Now known by the name MOD Corsham and formerly JSU Corsham (Joint Service Unit) and RAF Rudloe Manor. A large military site which sits directly above the MOD's underground tunnel complex. During the Second World War the underground site made up part of a massive ammunitions depot and the world's largest underground factory. Later these tunnels became a government's emergency relocation site and various communication bunkers were also set up here.
CAD is spread over four separate quarries in the Corsham area, Monkton Farleigh Quarry is in part used for secure holding by Wansdyke Security. Tunnel Quarry is still used by the MOD. Ridge Quarry has been abandoned. Eastlays Quarry is a commercial site used for wine storage.

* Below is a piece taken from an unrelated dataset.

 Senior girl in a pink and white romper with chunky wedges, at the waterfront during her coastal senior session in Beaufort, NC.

The former emergency relocations site for the government in the event of nuclear attack, the site has been abandoned since the 1980s since which time it has been kept as a decoy site until its declassification at the end of 2004. Burlington has had many code names since its conception in the early 50s, these include Stockwell, Subterfuge, Turnstile, and more recently Site 3.

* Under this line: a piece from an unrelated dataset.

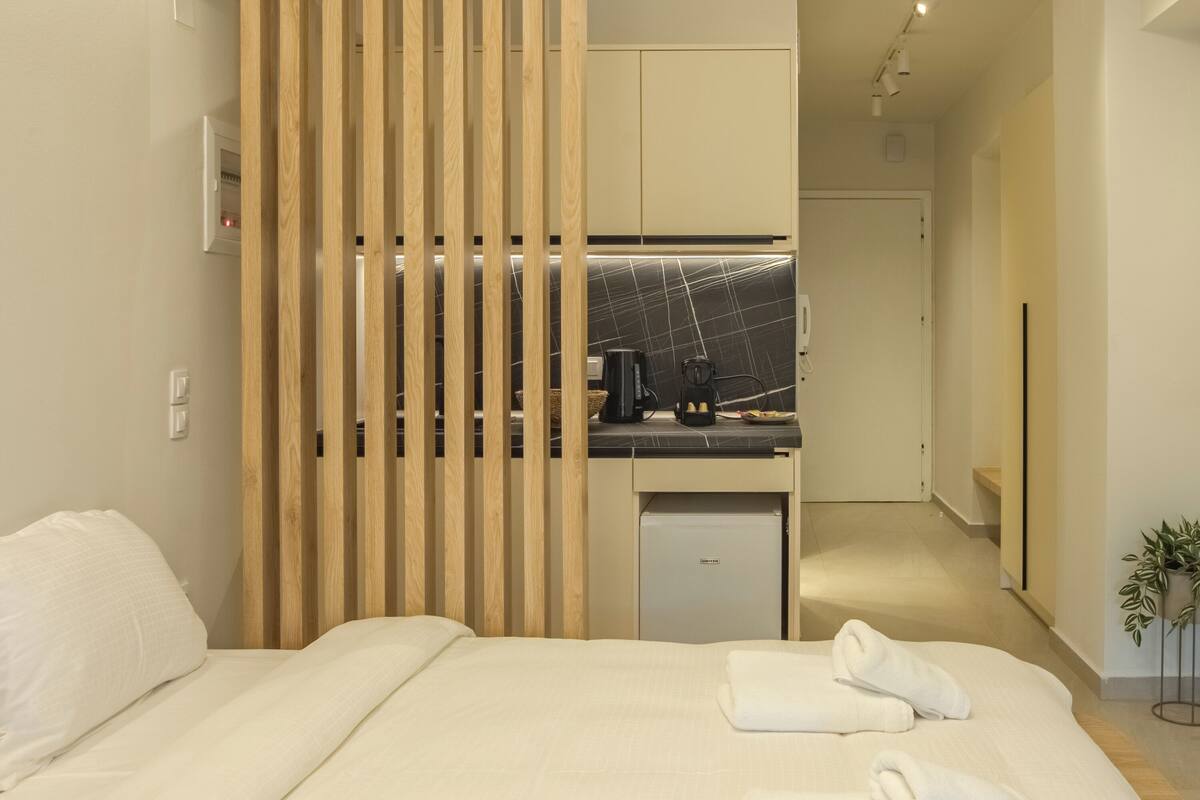 A modern hotel room with a bed, a small kitchenette, and a sliding wooden partition.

One of the UK's best kept secrets, CCC is an active government bunker located at Peel Circus in Corsham, above ground the site consists of nothing more than a doorway in to a mound of earth, obscured from public view by a ring of trees and vegetation.
A two mile long tunnel, built by Isambard Kingdom Brunel through Box Hill. Next to the eastern entrance of the tunnel you can see the remains of a branch from the main London to Bristol railway line which lead into the hillside into the Corsham Ammunitions Depot and terminated at a half-mile long underground railway station which was used during World War II.
A large stone quarry which was converted by the air ministry during WWII, the quarry housed the world's largest underground factory. Later it became Royal Navy stores and part of the factory was converted in the government's emergency relocation site in the event of nuclear attack. Spring Quarry joins the south edge Tunnel Quarry, it also joins the smaller abandoned Sands Quarry.
To the Western end of Tunnel Quarry was an area which was the proposed number 1 district as part of the ammo stores, however due to a severe geological fault this area was never developed by Royal Engineers however the air ministry did make use of it 1943 when they converted it in to South West Control, a military communications centre which operated up until the 1990s.
Tunnel Quarry was one of the four sub-depots of the Central Ammunitions Depot, parts of the converted Bath stone quarry are still security classified sites today. The quarry connects to the northern edge of Spring Quarry and also had a link to the GWR main line at the eastern portal of Brunel's Box Tunnel.
Sands is a fairly small quarry connecting to the Southern end of Spring Quarry, it is only about 4.6 square miles. Sands is used as an emergency exit. Refelctive metal check points guide the way from the Spring Quarry emergency exit to surface slope shaft of Sands Quarry lit only be a torch light.
A very unique former Bath stone quarry, the quarry is small in size but has some interesting features. The quarry comprises of two levels which are connected by a stone staircase and a vertical shaft connecting both levels with the surface. There are many blocks of Ashlar which were stacked up but never moved to the surface.